*** Opening Data supplied ***

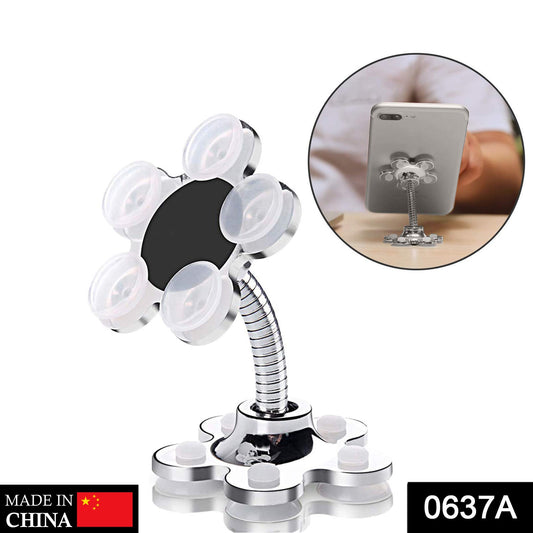 0637A Phone Holder, 360°Rotatable Phone Stand Multi-Function Double-Sided Suction Cup Mobile Phone Holder 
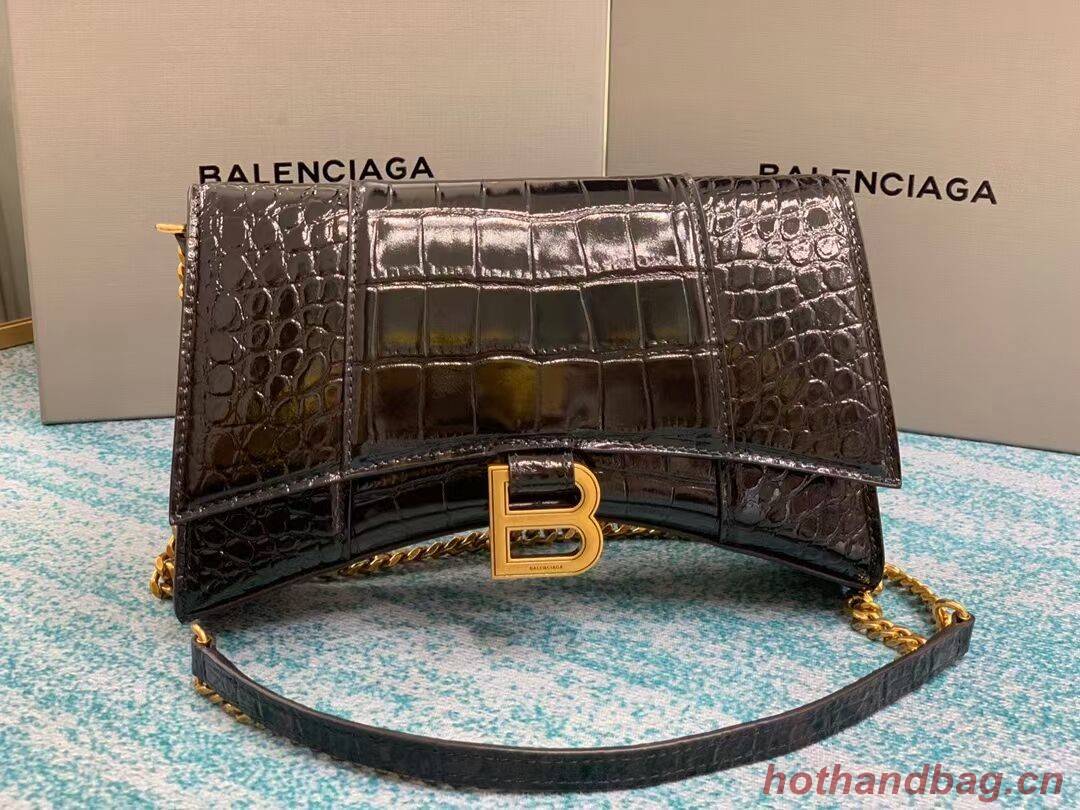 Balenciaga HOURGLASS CHAIN BAG B164497 black&aged-gold hardware Balenciaga HOURGLASS CHAIN BAG B164497 black&aged-gold hardware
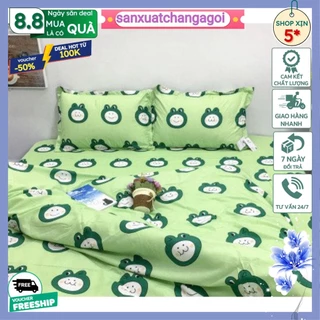 Ga trải giường 1m2 1m4 1m6 bọc đệm vải cotton poly họa tiết mới-MẪU ẾCH XANH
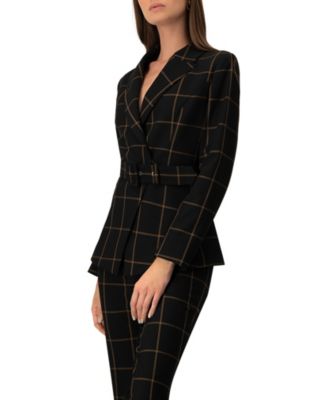Women's Striped Double-Breasted Blazer with Belt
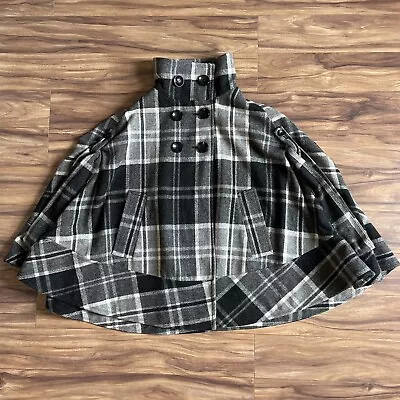 Zara Basic Womens Poncho Small Gray Plaid Wool Blend Cape EUC • $35.99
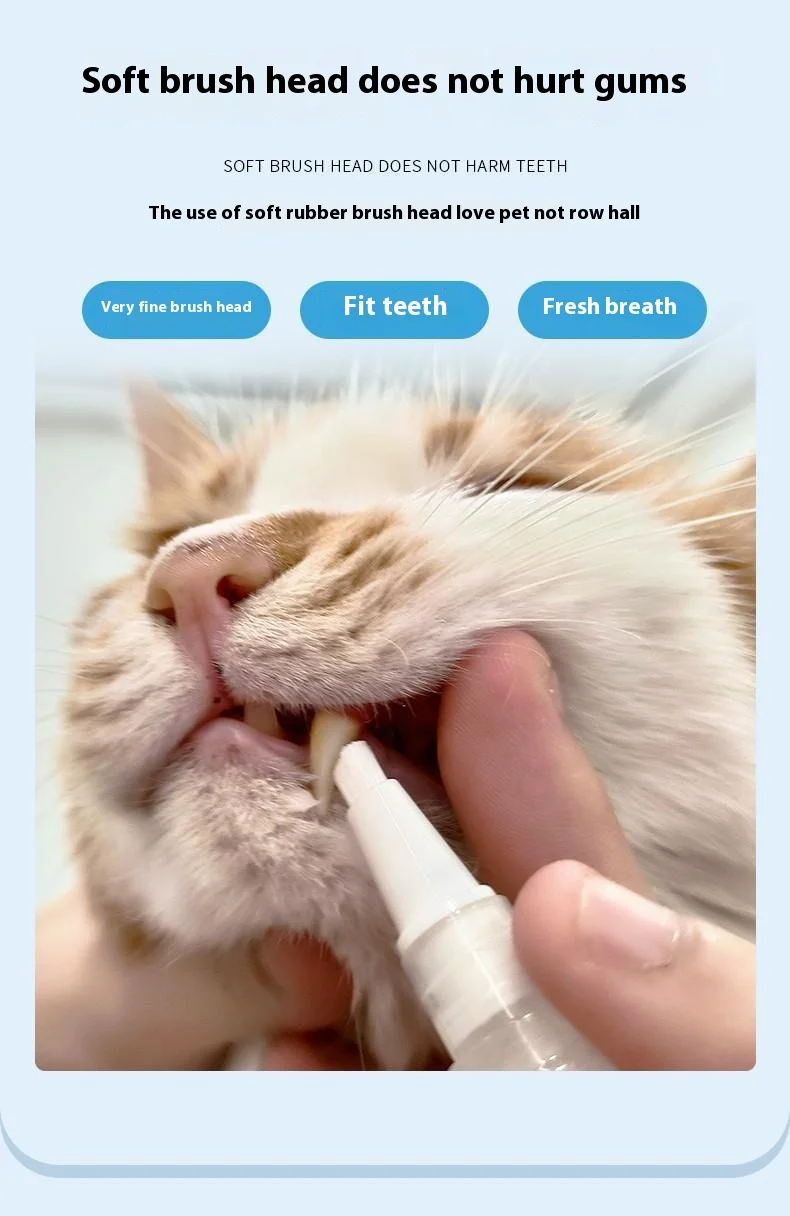 Universal Pet Dental Pen Integrated Teeth Cleaning Tool Toothpaste for Cat Dog Toothbrush Pen for Breath Care Packaged in Box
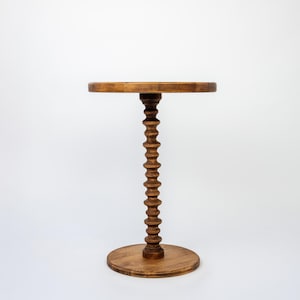 Dark Brown Side Table With Turned Legs, Antique Barley Twist Table, Rustic Farmers Stool, Country Home Decor, Vintage French Pedestal Leg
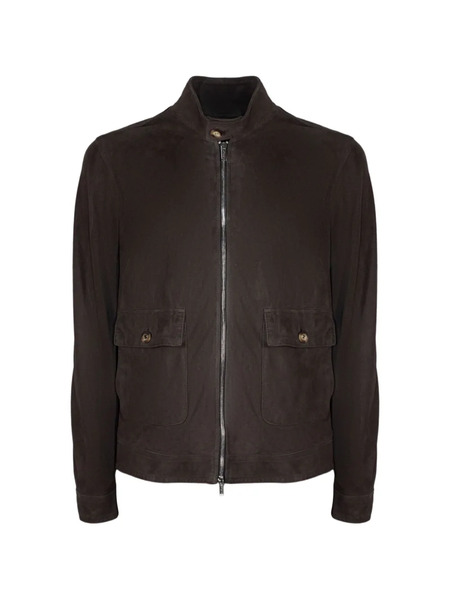  Volfagli Plutone High-collar Suede Jacket - Brown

*** Closing Data supplied ***

Task item
Pictures are to be left out; all other data must be returned exactly.

Result of the exercise
 0637A Phone Holder, 360°Rotatable Phone Stand Multi-Function Double-Sided Suction Cup Mobile Phone Holder 
 Balenciaga HOURGLASS CHAIN BAG B164497 black&aged-gold hardware Balenciaga HOURGLASS CHAIN BAG B164497 black&aged-gold hardware
 Ga trải giường 1m2 1m4 1m6 bọc đệm vải cotton poly họa tiết mới-MẪU ẾCH XANH
Women's Striped Double-Breasted Blazer with Belt
 Zara Basic Womens Poncho Small Gray Plaid Wool Blend Cape EUC • $35.99
 Universal Pet Dental Pen Integrated Teeth Cleaning Tool Toothpaste for Cat Dog Toothbrush Pen for Breath Care Packaged in Box
 Dark Brown Side Table With Turned Legs, Antique Barley Twist Table, Rustic Farmers Stool, Country Home Decor, Vintage French Pedestal Leg
  Volfagli Plutone High-collar Suede Jacket - Brown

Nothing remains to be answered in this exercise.